La situazione è particolarmente difficile per gli studenti con disabilità e le loro famiglie poiché il sostegno di educatori e servizi sociali su cui generalmente contano è scarsamente disponibile in questo momento. È inoltre sempre più evidente che i bambini che vivono in famiglie con un maggiore livello di istruzione sono meglio attrezzati per far fronte all’apprendimento a distanza rispetto ai loro compagni provenienti da famiglie meno istruite. Se consideriamo che il livello medio delle competenze degli adulti in Italia è piuttosto basso (OCSE, 2019), è evidente come molti genitori potrebbero non avere le competenze adeguate per garantire ai propri figli il sostegno educativo di cui necessiterebbero.
OCSE. (2019). Skills Matter: Further Results from the Survey of Adult Skills. OECD Skills Studies. Parigi, OCSE, p. 89.
Per di più questa situazione ha generato nuove disparità relativamente alle relazioni centro-periferia, soprattutto per quanto riguarda il benessere degli studenti.

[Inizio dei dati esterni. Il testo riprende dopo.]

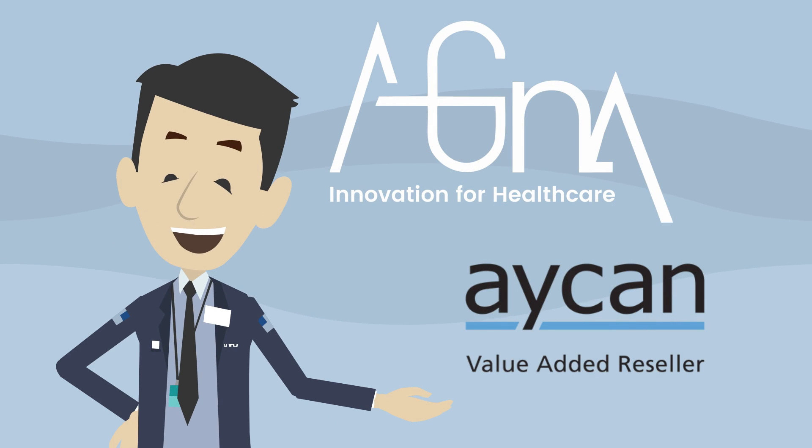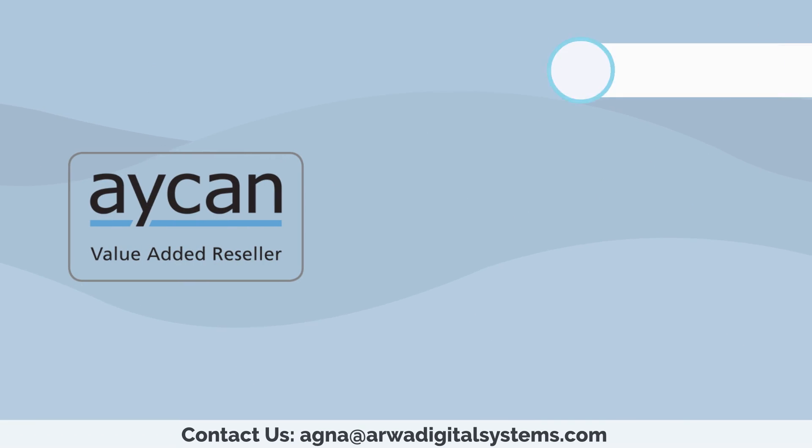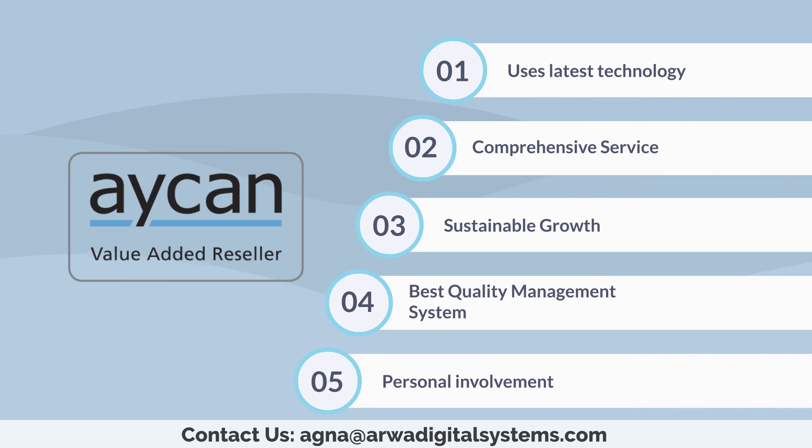Agna, a value-added reseller of Aiken. Aiken is a modern and innovative system in medical technology. With our products, you can cover your entire workflow in medical image data management. Aiken uses the latest technology, offering a very comprehensive system, sustainable growth, best quality management system and personal involvement.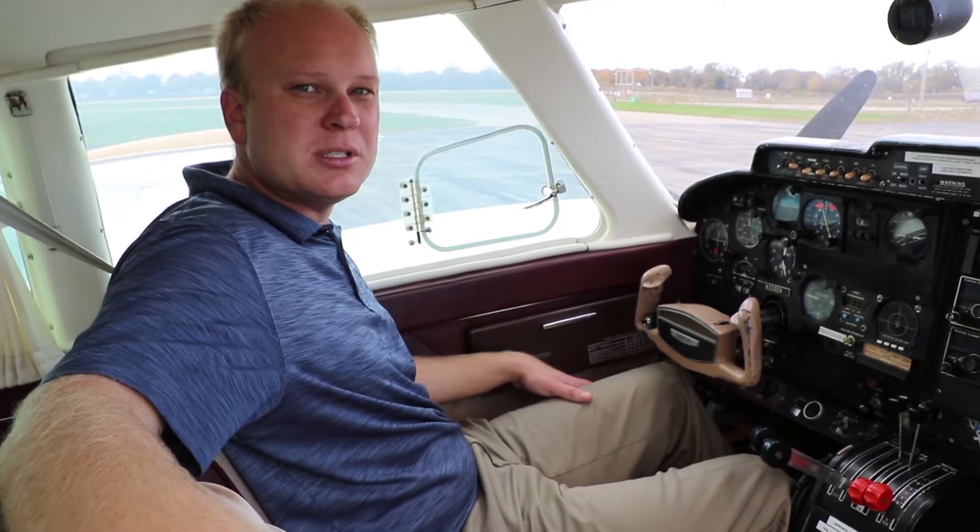My name is Cory Tomczyk, owner of Fly Twins, and this is our Cessna 310 L model available for students and time builders. The primary uses of our Cessna 310 are for multi-engine time building, rental, and instruction.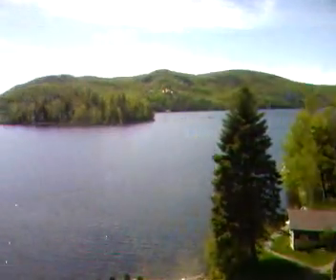And back to the view of Lac Tremblant. I'll see you next time. Bye. Thank you.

Si stima infatti che più di 4 bambini su 10 vivano in condizioni di sovraffollamento abitativo. Inoltre, la situazione nelle periferie rimane molto critica a causa della concentrazione di famiglie vulnerabili che vivono in condizioni precarie.
Una governance pubblica più forte
Come ricordano Armand Doucet e colleghi nella relazione scritta per Education International, all’inizio di un’emergenza è necessario garantire la sicurezza e la protezione non solo degli studenti, ma anche dei loro genitori e insegnanti. Questo approccio si riassume bene nel detto “Maslow below Bloom” che significa “la sicurezza e la sopravvivenza vengono prima dell’educazione formale”. L’insegnamento e l’apprendimento sono importanti, ma l’organizzazione dell’insegnamento a distanza deve prendere in considerazione la situazione, critica e complessa, che sia gli studenti sia gli insegnanti si trovano ad affrontare. Bisogna assicurare la cooperazione tra i diversi settori della società al fine di garantire che i bisogni primari siano soddisfatti. La chiusura delle scuole può comportare l’impossibilità da parte degli studenti di accedere a servizi sociali e sanitari fondamentali, e questo è un problema di cui la società nel suo insieme si deve far carico.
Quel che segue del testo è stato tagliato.